Task statement: When you reach the line that contains "Korean summer new", give it back exactly along with each line after it to the end of the entries; skip any pictures.

Recorded data:
---

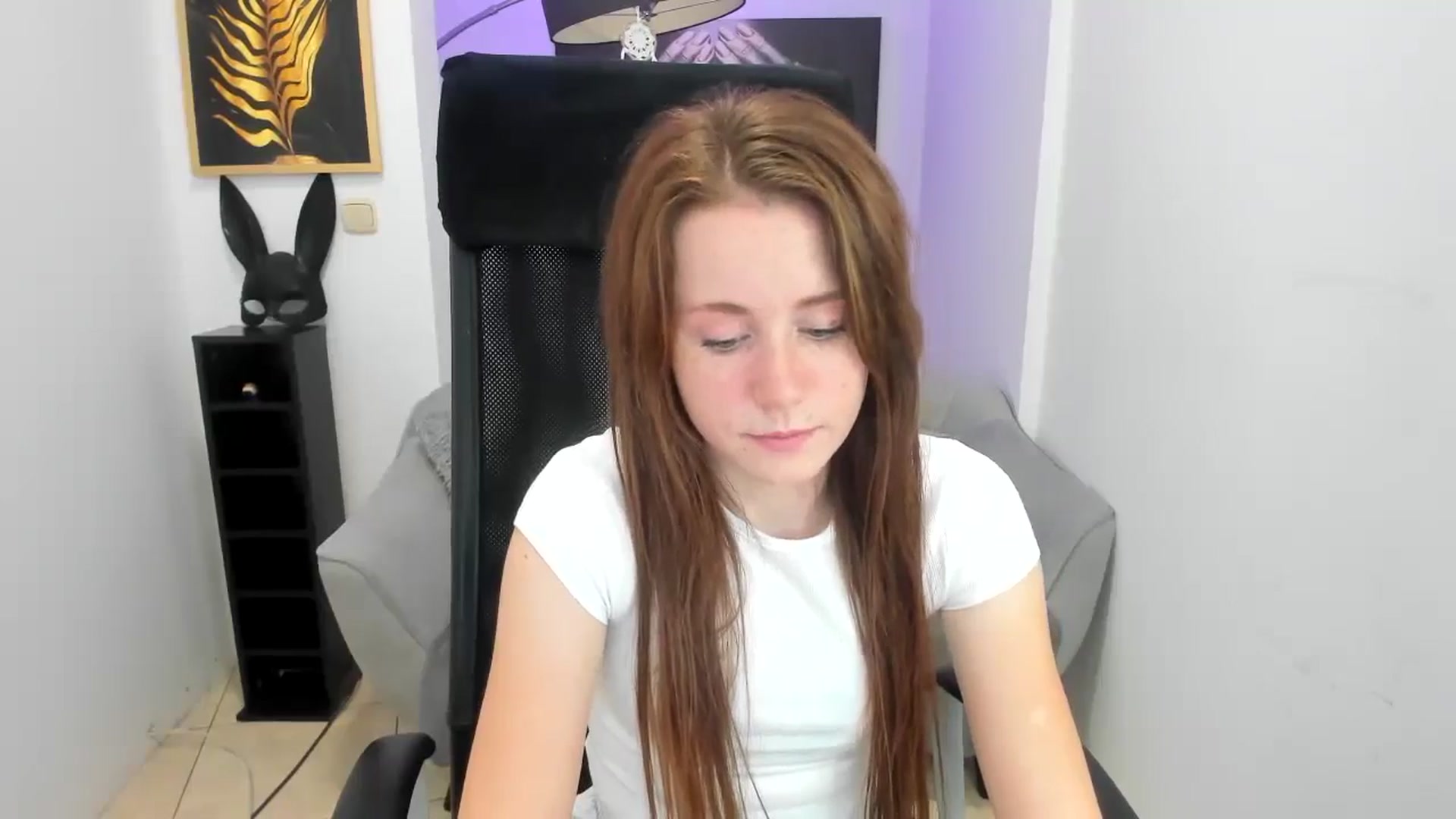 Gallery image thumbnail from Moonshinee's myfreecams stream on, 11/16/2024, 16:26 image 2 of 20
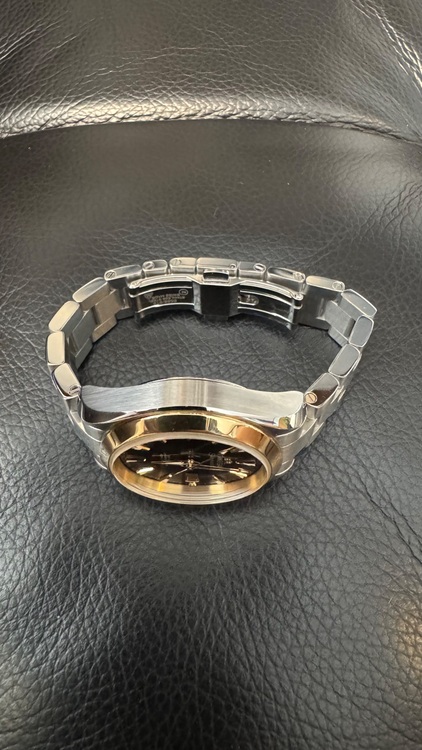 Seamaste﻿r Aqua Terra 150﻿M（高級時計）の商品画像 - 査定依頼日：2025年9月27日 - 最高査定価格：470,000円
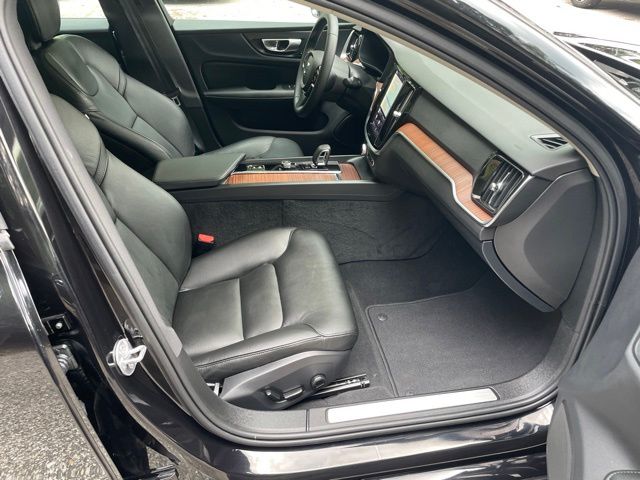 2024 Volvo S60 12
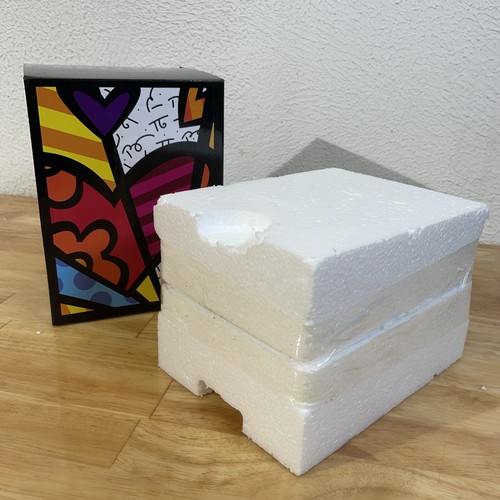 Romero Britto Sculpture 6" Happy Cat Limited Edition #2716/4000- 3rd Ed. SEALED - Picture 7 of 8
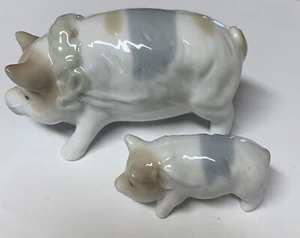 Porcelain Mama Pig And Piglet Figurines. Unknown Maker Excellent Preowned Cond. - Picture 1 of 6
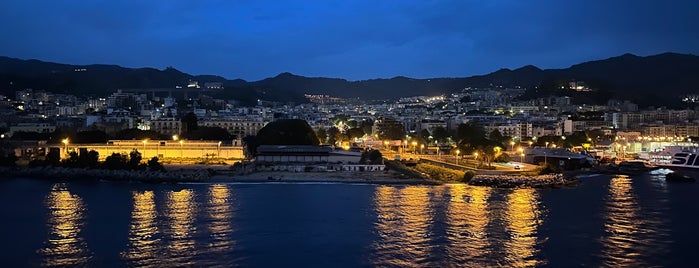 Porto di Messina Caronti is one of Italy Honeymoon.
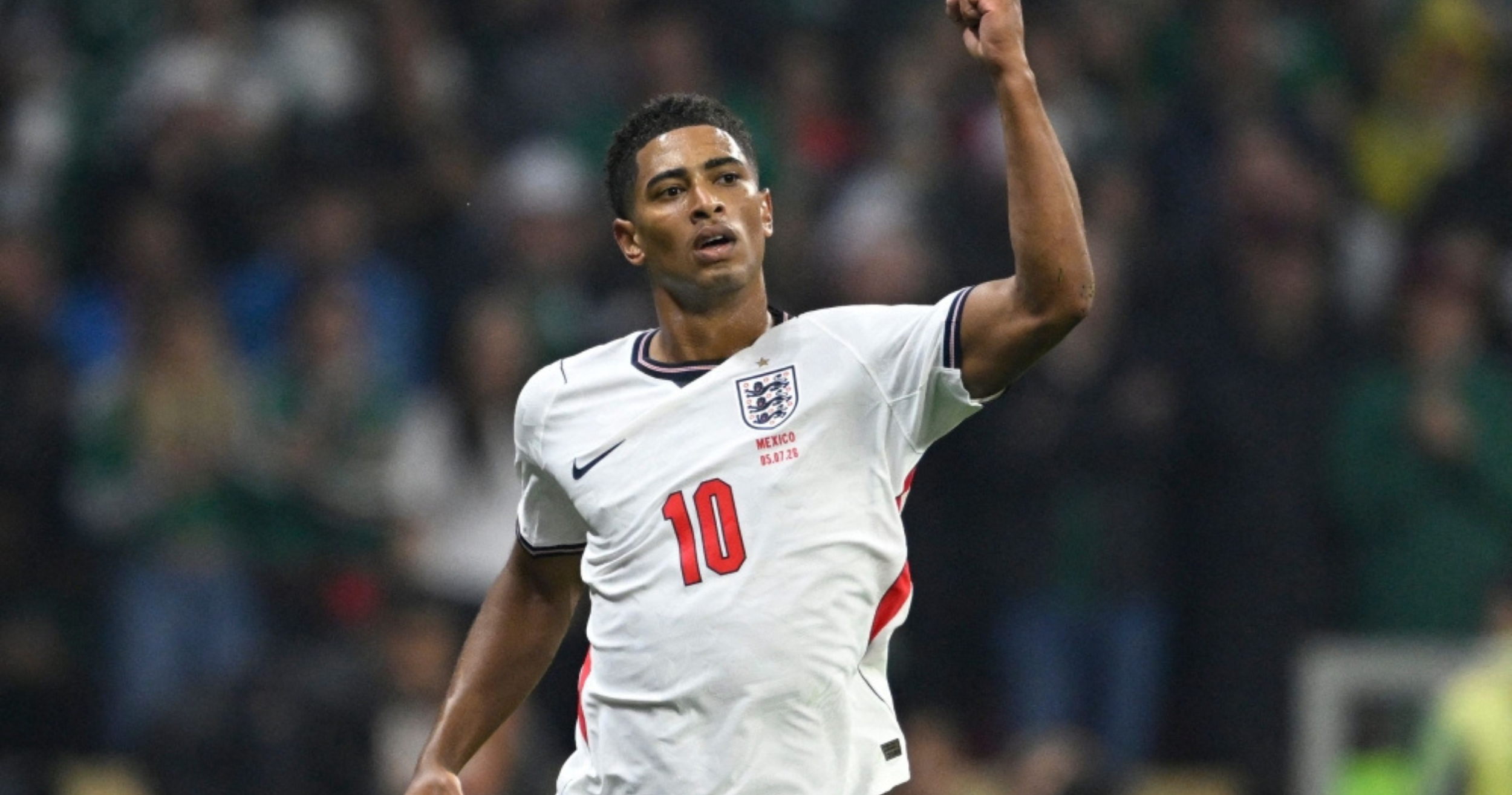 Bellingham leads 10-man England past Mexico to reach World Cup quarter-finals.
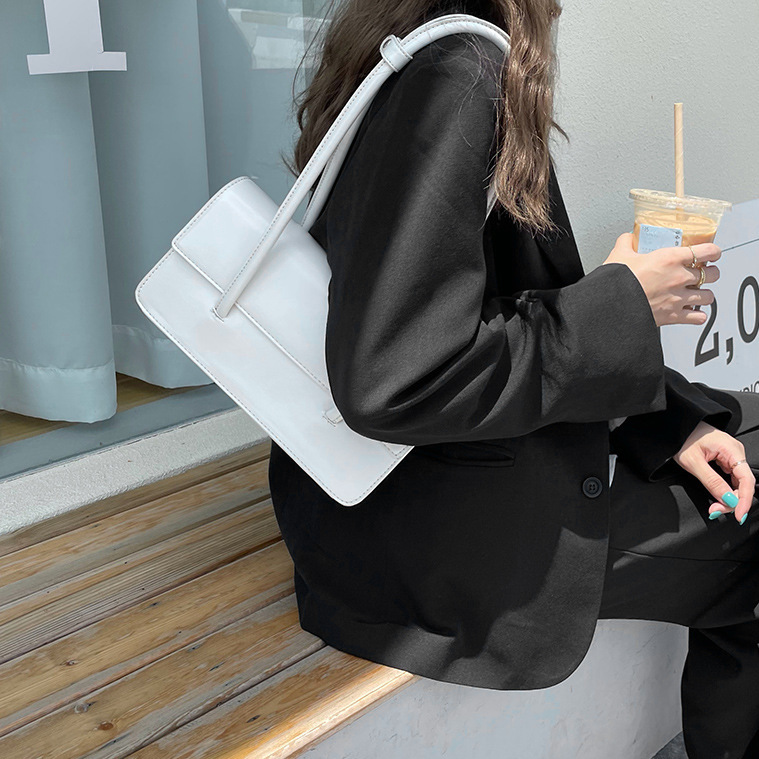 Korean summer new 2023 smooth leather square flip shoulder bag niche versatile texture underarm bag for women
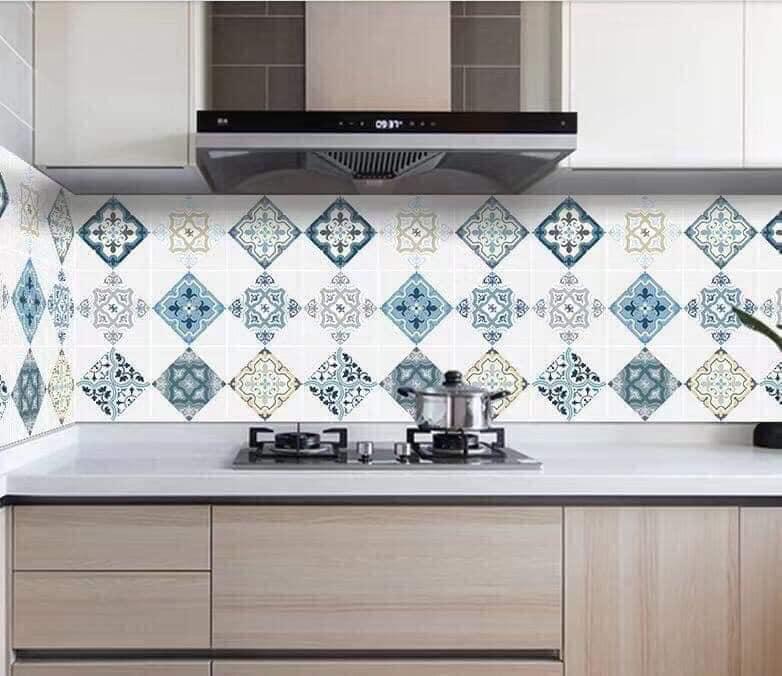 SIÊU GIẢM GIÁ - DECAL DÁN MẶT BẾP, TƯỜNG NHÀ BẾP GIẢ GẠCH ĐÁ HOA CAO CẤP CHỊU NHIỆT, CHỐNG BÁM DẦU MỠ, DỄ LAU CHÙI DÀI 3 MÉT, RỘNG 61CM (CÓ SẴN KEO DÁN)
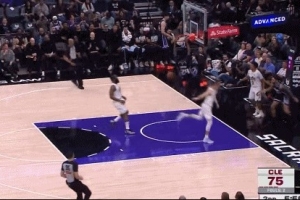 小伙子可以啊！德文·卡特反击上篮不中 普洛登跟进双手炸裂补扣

---

Response to this exercise:
 Korean summer new 2023 smooth leather square flip shoulder bag niche versatile texture underarm bag for women
 SIÊU GIẢM GIÁ - DECAL DÁN MẶT BẾP, TƯỜNG NHÀ BẾP GIẢ GẠCH ĐÁ HOA CAO CẤP CHỊU NHIỆT, CHỐNG BÁM DẦU MỠ, DỄ LAU CHÙI DÀI 3 MÉT, RỘNG 61CM (CÓ SẴN KEO DÁN)
 小伙子可以啊！德文·卡特反击上篮不中 普洛登跟进双手炸裂补扣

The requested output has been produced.